In the early 2000’s WLSQ continued to advocate for clients and engage in state and federal law reform. The service began implementing technology eventually moving away from the volumes of paper-based booking diaries and intake forms to digital systems.

2011 was a particularly challenging year with the Queensland floods and funding pressures. Due to a change in funding contracts WLSQ was facing a significant reduction to service delivery – meaning women in need of help would be turned away due to service cuts. This marked the beginning of our coordinated campaigns of awareness raising of the impacts of domestic and family violence and the essential role of free legal and social work assistance in protecting women and children. The statewide campaign was successful and funding was granted.

The service has continued to supplement government funding through increased pro-bono, corporate and community support. We are extremely grateful that support has grown year on year across diverse sectors and communities.

This period also marked a time of service review, impact evaluation and planning.

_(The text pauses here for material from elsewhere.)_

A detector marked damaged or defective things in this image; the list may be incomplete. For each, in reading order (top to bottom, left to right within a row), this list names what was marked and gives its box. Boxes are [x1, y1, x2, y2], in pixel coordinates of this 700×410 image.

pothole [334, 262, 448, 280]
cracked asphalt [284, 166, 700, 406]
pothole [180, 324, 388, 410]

An independent evaluation found an alarming proportion of women reaching out for help could not be assisted through the then WLSQ systems. With the generous support from philanthropic foundations, a service evaluation was undertaken with the key recommendation to develop a Statewide Helpline for women with a particular focus on rural and regional pathways. A founding supporter program was established and our Statewide Helpline was launched within 18 months.

The Helpline transformed women’s access to justice through a triaging and escalation system linking in with all aspects of WLSQ service delivery (including the scheduling of appointments with our highly skilled volunteer lawyers located throughout Queensland).

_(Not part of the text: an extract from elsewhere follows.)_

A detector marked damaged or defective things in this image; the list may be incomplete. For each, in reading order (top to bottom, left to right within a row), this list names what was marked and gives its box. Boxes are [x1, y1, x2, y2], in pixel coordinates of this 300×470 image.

2015 onwards brought a time of significant growth for WLSQ with successful funding of programs including Health Justice Partnerships (delivering legal assistance to women at risk in health care settings), Domestic Violence Duty Lawyer Services, outreach programs and High Risk Domestic Violence Units. In response, WLSQ established offices in Caboolture and the Gold Coast.

With staff and volunteer numbers increasing 2018, our Annerley location was in need of major remodelling. Significant support from the Gambling Community Benefit Fund and foundations including Clayton Utz and Hand Heart Pocket enabled WLSQ to undertake a major capital works project on the Annerley Queenslander.

Not long after this period saw the acquisition of a sister building across the road in Annerley. The building was remodelled to create confidential office spaces and meeting rooms, again with significant funding assistance, to support WLSQ service delivery.

2020 to Today

From 2020-2022, WLSQ pivoted with the far-reaching impacts of the Covid-19 pandemic. Of key concern was the confinement of women with people using violence through the periods of rolling lock downs and continuing uncertainty. WLSQ ensured continuity of service delivery through the implementation of online appointments (including our evening advice sessions). The earlier establishment of the Helpline (and associated infrastructure) ensured women and children continued to receive assistance during this time of extreme challenge.

In 2023 and beyond WLSQ remains committed to our mission of accessible legal and social justice for a safer future for women and children.

Many years on from its humble beginnings on the verandah of Women’s House, WLSQ continues to advocate for the rights, safety and justice of Queensland women, providing legal assistance to those who have experienced domestic and family violence, sexual assault or other forms of violence against women.

Today, WLSQ employs over 70 staff (both full and part-time), over 130 volunteers (comprising lawyers, social workers, legal, social work and business students) and is assisted by pro-bono, community and corporate supporters; all of whom are a core part of our service delivery.

WLSQ would not be where it is today without the legacy of our founders, past and present staff, board, volunteers and supporters.

WLSQ will steadfastly pursue a future where homes and communities are a place of safety for women and children. Thank you for sharing this commitment.